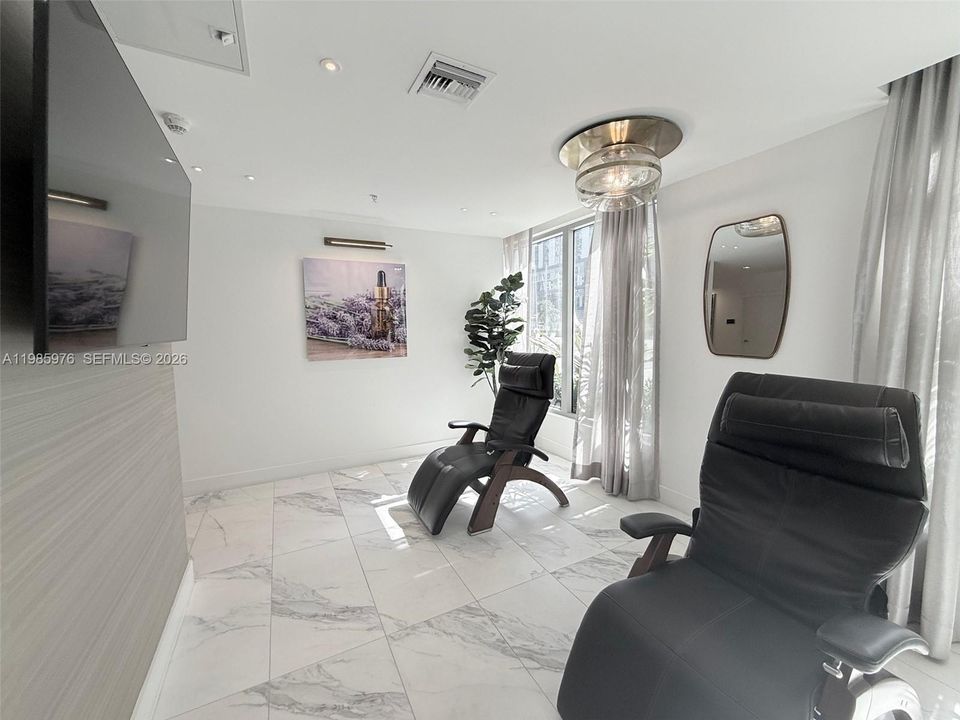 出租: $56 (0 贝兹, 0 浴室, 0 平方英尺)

==

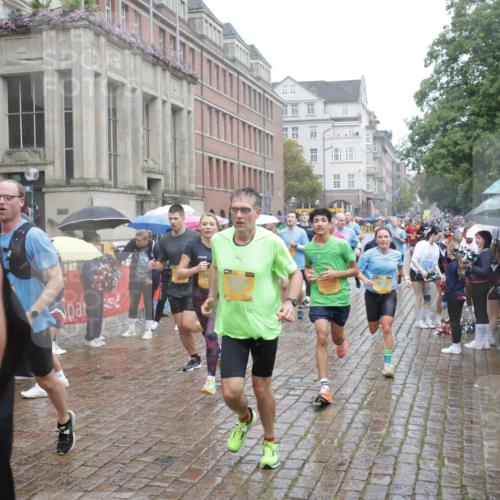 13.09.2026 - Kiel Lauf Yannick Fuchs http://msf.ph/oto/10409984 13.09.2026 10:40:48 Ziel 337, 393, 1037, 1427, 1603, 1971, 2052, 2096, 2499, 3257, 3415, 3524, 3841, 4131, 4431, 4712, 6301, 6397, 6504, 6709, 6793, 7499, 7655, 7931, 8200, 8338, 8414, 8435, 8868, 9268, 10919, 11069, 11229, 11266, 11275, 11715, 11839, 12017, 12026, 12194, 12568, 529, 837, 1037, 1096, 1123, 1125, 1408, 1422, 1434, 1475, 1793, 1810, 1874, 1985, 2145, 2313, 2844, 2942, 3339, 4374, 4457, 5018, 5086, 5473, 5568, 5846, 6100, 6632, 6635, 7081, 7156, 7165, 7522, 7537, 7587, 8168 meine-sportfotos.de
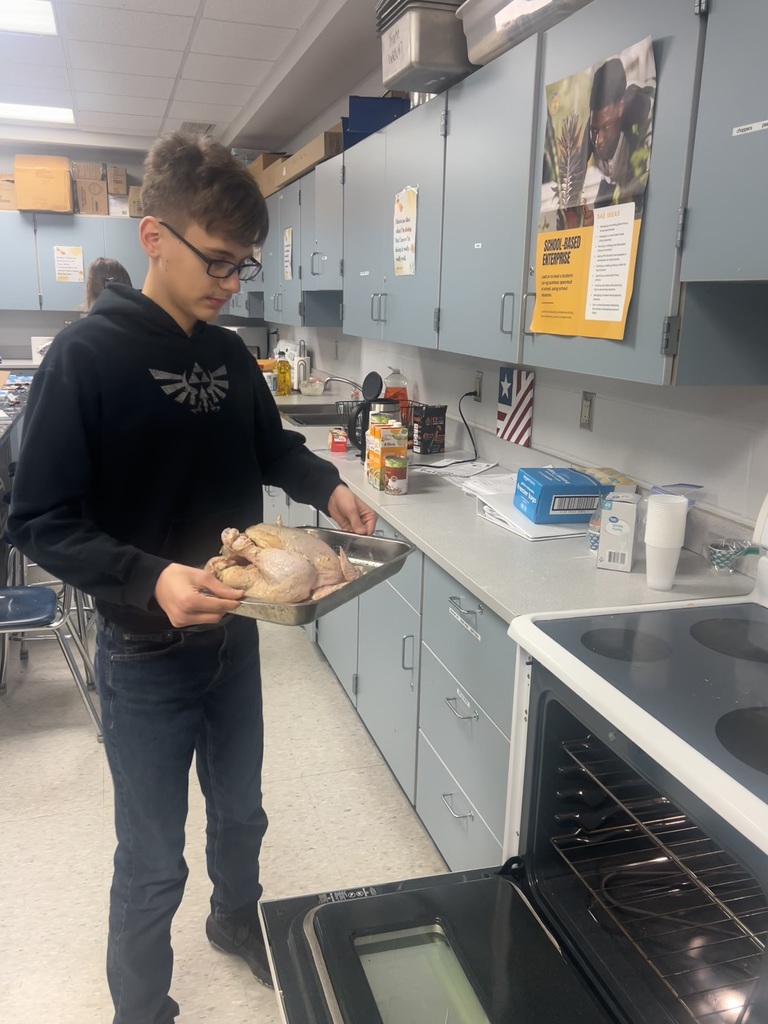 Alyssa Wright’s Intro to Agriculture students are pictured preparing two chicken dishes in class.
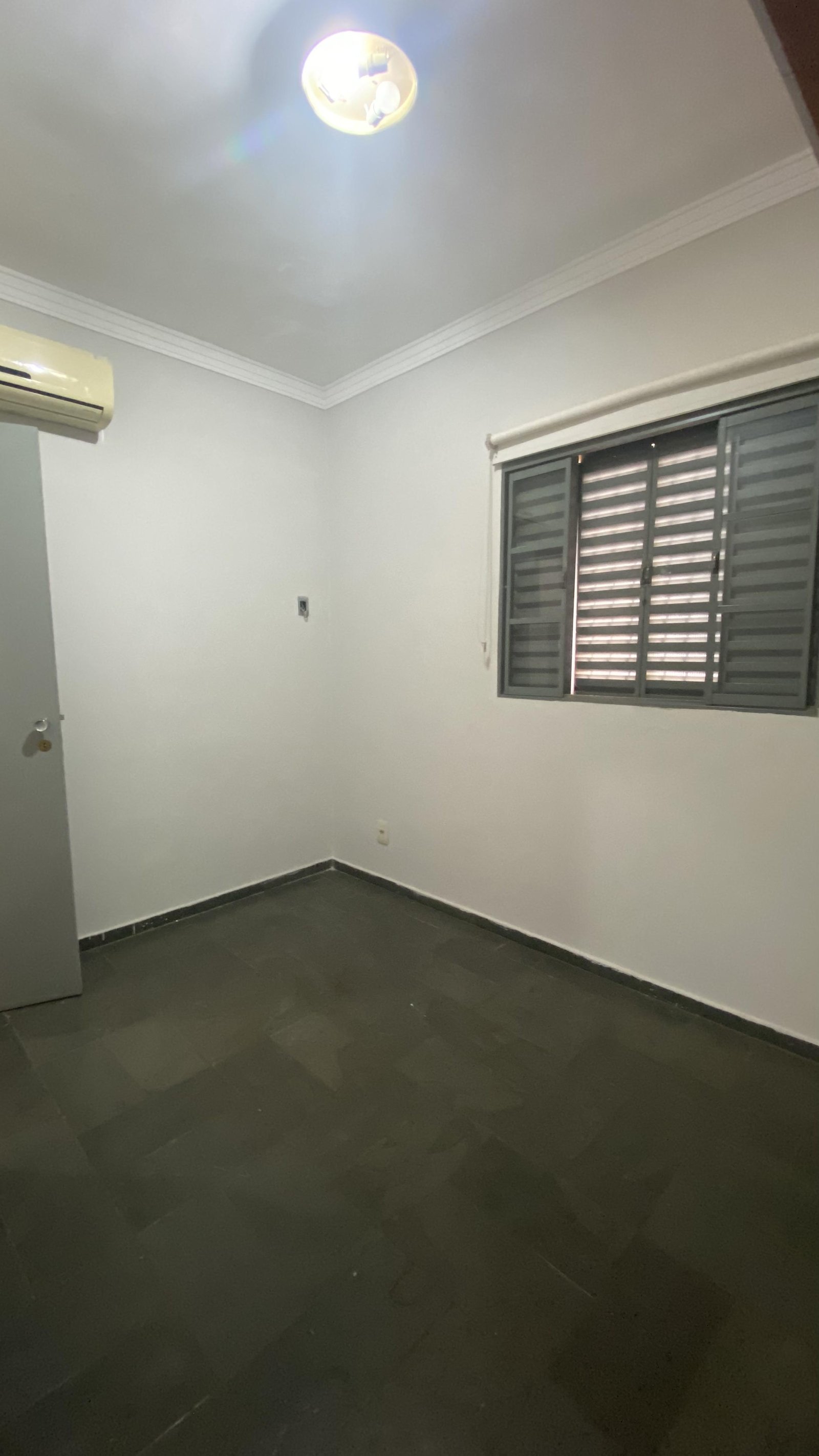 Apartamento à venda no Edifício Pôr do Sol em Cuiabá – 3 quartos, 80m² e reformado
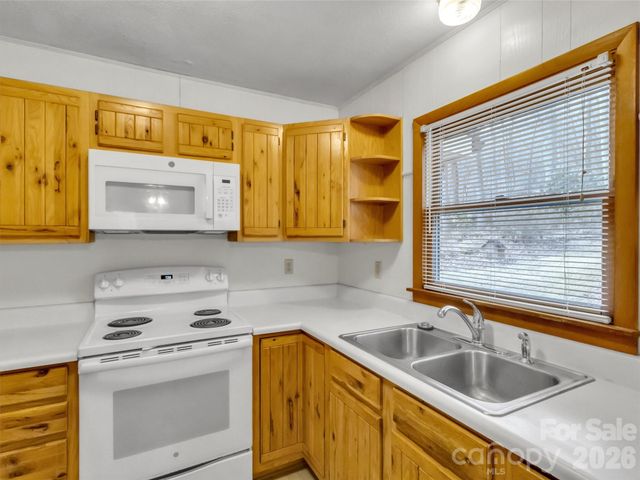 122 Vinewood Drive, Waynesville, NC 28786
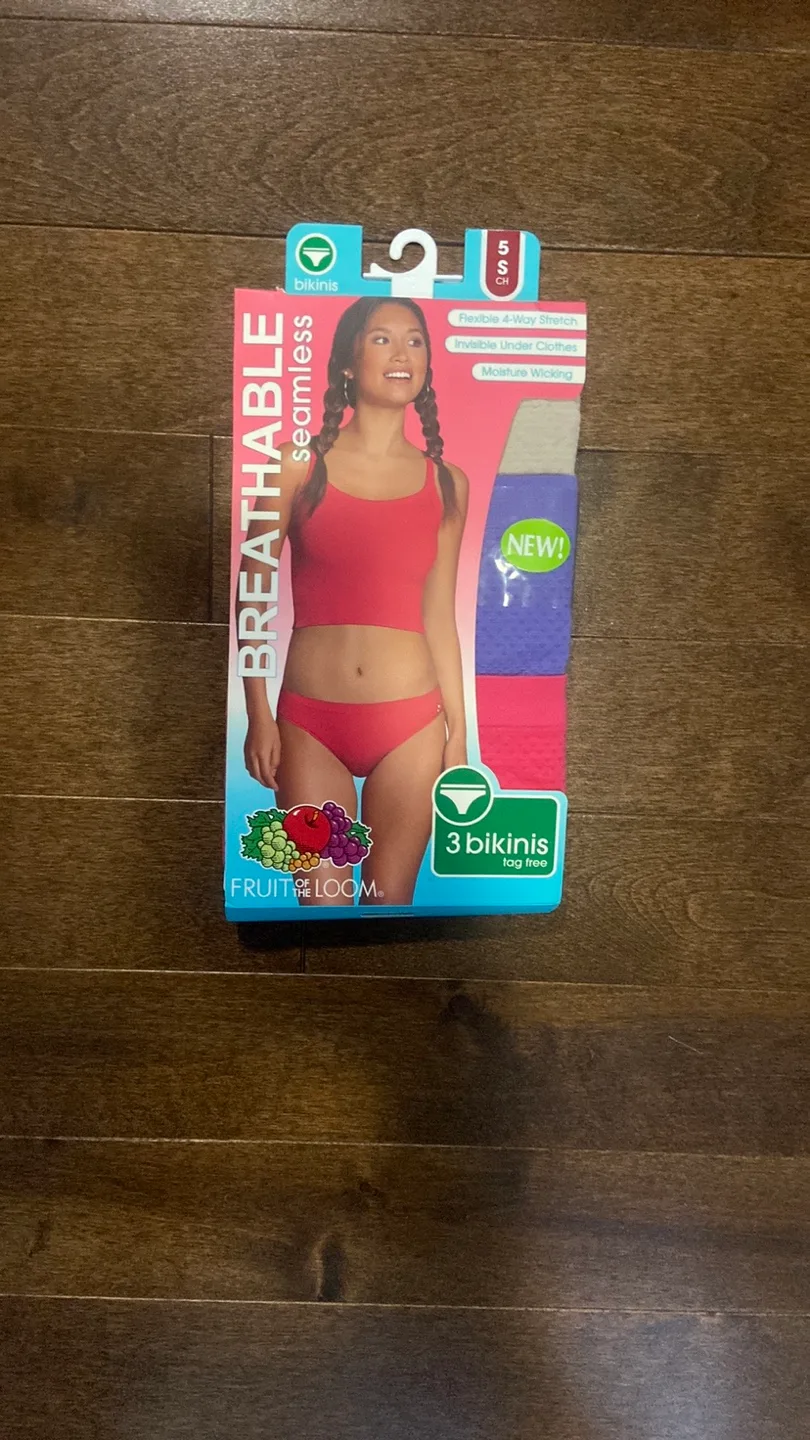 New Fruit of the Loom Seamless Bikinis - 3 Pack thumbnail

** What the task requires **
In the listing above, find the line containing "122 Vinewood Drive, Waynesville, NC 28786" and the line containing "New Fruit of", then return both of them and every line between, exactly, without pictures.

** The completed task **
 122 Vinewood Drive, Waynesville, NC 28786
 New Fruit of the Loom Seamless Bikinis - 3 Pack thumbnail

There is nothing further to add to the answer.